# Genetic algorithms explained

Genetic algorithms are a class of optimization algorithms (algorithms that help to maximize some function by adjusting the input parameters) that are know for their ability to handle large unpredictable search spaces.

In Cumulus we employ them the bridge the gap between having a forward model (a model that can simulate a biological process given its parameters) and knowing what parameters makes this simulation fit the experimental data best. We do this because creating a backward model, one that tells us what parameters will fit a set of measurements, is complicated for even simple systems let alone for larger devices. Genetic algorithms will help us find the parameters without the need for a backward model.

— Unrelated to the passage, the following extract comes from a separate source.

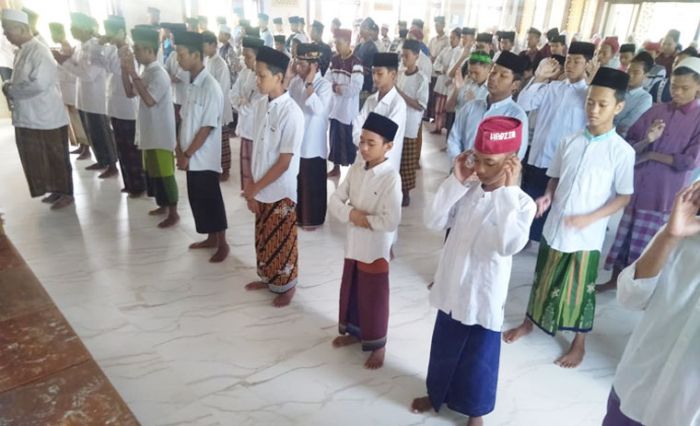 Gelar Sholat Gaib untuk Ibunda Jokowi, Ratusan Santri di Jombang Jaga Jarak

## How genetic algorithms work

A genetic algorithm mimics the process of population genetics in order to optimize some fitness criterion. In our case this criterion is based on how good the simulated data matches the experimental results.
The following pseudocode shows the basics behind a genetic algorithm.

``` selectedpopulation  = initialize()
while stop criterion has not been met
newpopulation       = mutate(selectedpopulation)
newpopulationscores = evaluate(newpopulation)
selectedpopulation  = select(newpopulation, newpopulationscores)
```

As you can see in the code above there are four basic steps to a genetic algorithm, three of these are repeating. Each of these steps is is explained below.

### Initialization

First of the algorithm needs some sort of starting point. This can be some parameters found in literature but also parameters as they where found by fitting other parts. In our case the estimation of the parameters were made by the user. If he has no idea what these should be he can draw inspiration by looking at parameters of the same type for different parts.

### Mutation

In the mutation step we add new individuals to the population. This can be done in many different ways. Classically crossover (using values of two individuals and mixing them up into a new individual) and point mutations (adjusting a single value by a small random amount) are very popular.
In cumulus we use a method called gaussian estimation. This method assumes the optimality surface is roughly in the shape of a n-dimensional gaussian. In the selection step we then try to estimate the shape of this gaussian by taking the covariance matrix of all the individuals in the population(weighted by fitness). After which we replenish our population by randomly drawing new individuals from this gausian distribution.

### Evaluation

In the evaluation step yet unevaluated individuals are evaluated. In most literature this is seen as a part of the selection step. In our system however this step means running several models in even more experimental settings and comparing these to measurements, then combining all these comparisons into a single fitness score. It is safe to say that the brunt of our computational power is consumed in this step.

### Selection

In the selection step we discard some individuals of our population that we deem not to be good enough. For us this is as strait-forward as throwing away the worst preforming half individuals. Because of the gausian estimation mutation method we are generating enough different individuals for us not to worry about diversity preservation.

## Modularity

We programmed each of the steps (mutation, evaluation, selection) in our system as separate objects. Therefore replacing any of the methods by a different algorithm is as easy as swapping a class by another one that implemented the same abstract base class.